Yo aprendí a leer con arañas, elefantes, iglesias, ojos y uvas de la cartilla Palau. Ni muy pronto, ni muy tarde: nunca fui de los que destacó académicamente hablando. Y además reconozco que leer me aburrió muchísimo, salvo los tebeos, hasta los catorce años cumplidos.
Mi primer libro
inacabado es de cuando cursaba quinto de EGB, y se titulaba “Nube
de Noviembre”. Algún día lo buscaré y me enfrentaré a él. Pero
es cierto que en parte a él le hago responsable de mi animadversión
a las lecturas escolares. ¿Por qué no había libros divertidos en
el colegio? ¿Por qué eran todos tan soberanamente aburridos?

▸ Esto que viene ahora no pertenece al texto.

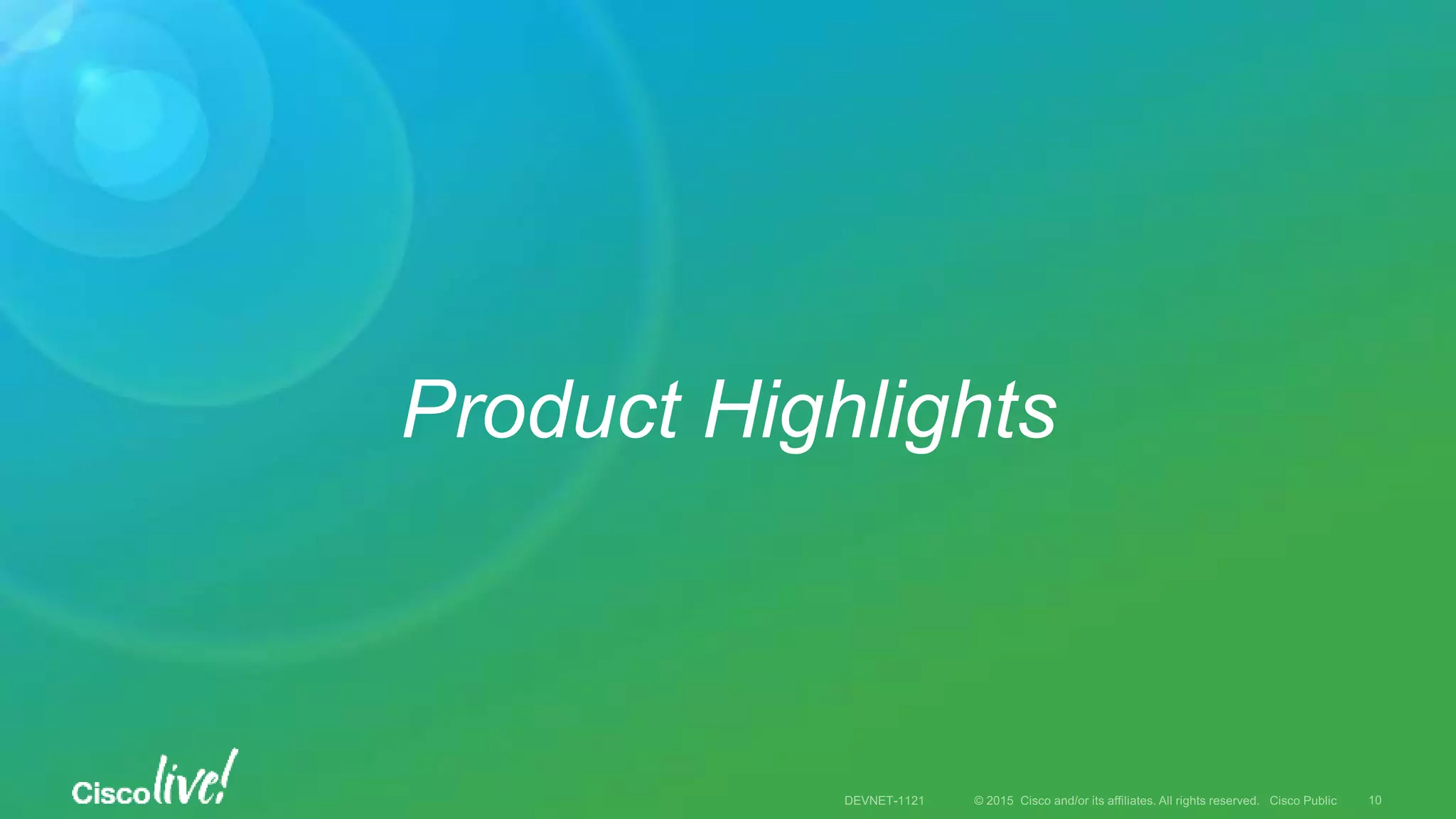 Product Highlights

Curiosamente, o quizás por eso mismo, me entró el gusanillo por la
escritura. En sexto de EGB escribí mi primera obra de teatro y se la
enseñé a mi profesor de lengua, Don Dimas. Se la dí para que la
leyera y me diera su opinión. Y él se lo tomó en serio: fue una
crítica atroz. Escribió con bolígrafo rojo los distintos aspectos
que consideraba oportunos: “Estructura: mal”, “Argumento: mal”,
“Personajes: mal”… Pero hubo una sorpresa: “Humor: muy bien”.

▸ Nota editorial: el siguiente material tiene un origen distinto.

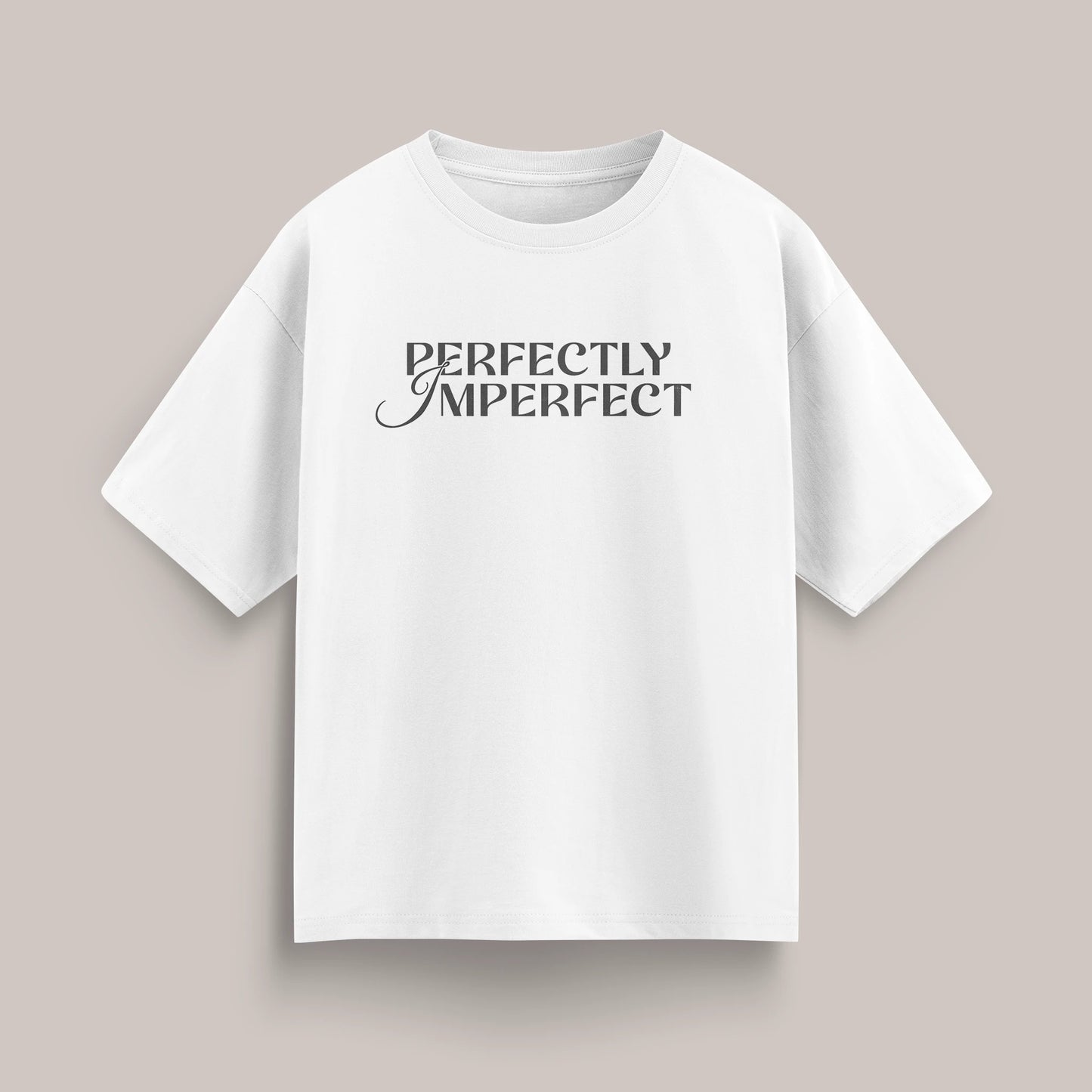 Perfectly Imperfect - Oversized T-shirt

Y aquello me hizo pensar que iba en el buen camino. Si había hecho
sonreír a mi profesor de lengua, ya sólo era cuestión de mejorar
el estilo.
Además, me explicó
lo que para mí fue la revelación más importante que debe conocer
cualquiera que quiera contar historias, y es que éstas han de tener
una presentación, un nudo, y un desenlace. Después de aquello,
estuve completamente convencido de que la literatura había dejado de
tener secretos para mí. Estaba chupado.
Pero volvamos al
tema que nos ocupa, que en el fondo no es otro que el amor a la
lectura. Ciertamente las cosas no pintaban bien para que entre los
libros y yo surgiera el amor. Me resultaba mucho más entretenido y
divertido lo que yo escribía que lo que me obligaban a leer. En el
instituto celebraban mis redacciones en la clase de lengua, más que
cualquier otro texto (quizás tuviera algo que ver el hecho de que
pusiera a mis compañeros de protagonistas de las distintas historias
que cada semana llevaba escritas a clase). Esto, en definitiva, sólo
me reafirmaba en el convencimiento de que era mejor lo que yo
escribía, al menos mucho más divertido y entretenido, que lo que
escribieran otros, por muy famosos que fueran y por mucho que mi
libro de texto hablase de ellos.
La literatura
lloraba desconsolada y silenciosa oculta tras una esquina, abandonada
por mí (quizás esto resulte un poco prepotente, e incluso
repelente, pero la imagen es chula). Si humanizara a la literatura,
para mí sería una mujer madura, de figura estilizada, vestida con
un velo y túnica vaporosas, con largas mangas, con el cabello largo
y de color gris, completamente lacio, y unos ojos de color azul claro
muy intensos. Puestos a imaginar…
Bueno, intentaré de
nuevo regresar al tema que nos ocupa. Había una serie de cuestiones
que eran inamovibles en mi convencimiento adolescente. A saber: si
duermes, descansas; si estudias, aprendes; si comes, engordas; si
haces ejercicio, te fortaleces; y si lees, te aburres. Eso era así.
Ya está.
Y un día, doña
Teresa, mi profesora de lengua y literatura de primero de BUP, de la
que no estaba enamorado, pero que sí me sirvió de inspiración para
algunos “momentos de recogimiento” propios de la edad, nos mandó
un nuevo libro para leer: “El pájaro Burlón”, de Gerald
Durrell. Un libro que, por cierto, a día de hoy es casi imposible de
encontrar en ningún sitio. Lo cogí con el mismo entusiasmo con el
que cada día me levanto a las seis de la mañana (ninguno, por si no
ha quedado claro), mientras la literatura se asomaba por la esquina
tras la que se había escondido antes y me observaba, sin yo saberlo,
con el esbozo de una sonrisa pícara en su cara.
Aquella novela me
conquistó, me divirtió muchísimo, me enganchó. Me demostró hasta
qué punto estaba equivocado en todas mis reflexiones sobre la
escritura y la literatura: ni yo era tan bueno, ni leer tenía que
ser aburrido. Probablemente no es la mejor novela que he leído
(bueno, seguro que no), ni la peor, pero fue la primera, y eso es
algo que sólo puedo compartir con ella. Igual que no se olvida el
primer beso, estoy convencido de que el primer libro que de verdad te
“hace sentir” tampoco se olvida. Yo no lo he olvidado después de
treinta años, ni creo que lo haga en lo que me reste de vida. A fin
de cuentas le debo mi amor a la lectura. No es una cuestión baladí.
Antonio Darriba Pinilla.
Aprendiz de escribidor.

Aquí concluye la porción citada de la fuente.